[COLLECTED MATERIAL]
○ ○ ○ ○ ○ ○ ○

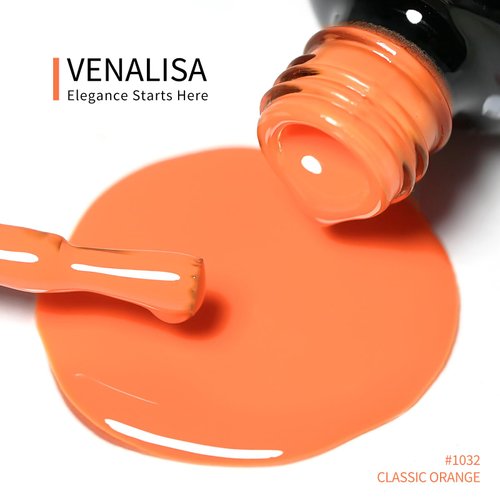 VENALISA Gel Nail Polish, 12ml Classic Orange Color Soak Off UV LED Nail Gel Polish Nail Art Starter Manicure Salon DIY at Home, 0.43 OZ
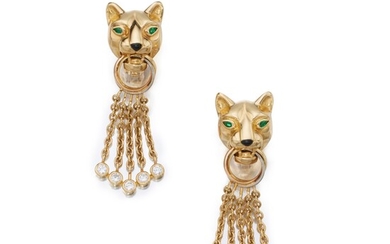 Cartier Pair of Gold, Emerald, Diamond and Onyx 'Panthère' Earclips, France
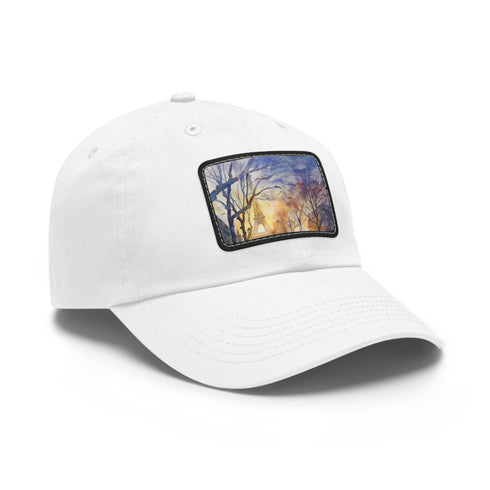 Eiffel Tower watercolor baseball cap with Parisian charm design.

○ ○ ○ ○ ○ ○ ○

[TASK DETAILS] Your task is to repeat the material above exactly, without its pictures.

[WRITTEN ANSWER]
 VENALISA Gel Nail Polish, 12ml Classic Orange Color Soak Off UV LED Nail Gel Polish Nail Art Starter Manicure Salon DIY at Home, 0.43 OZ
 Cartier Pair of Gold, Emerald, Diamond and Onyx 'Panthère' Earclips, France
 Eiffel Tower watercolor baseball cap with Parisian charm design.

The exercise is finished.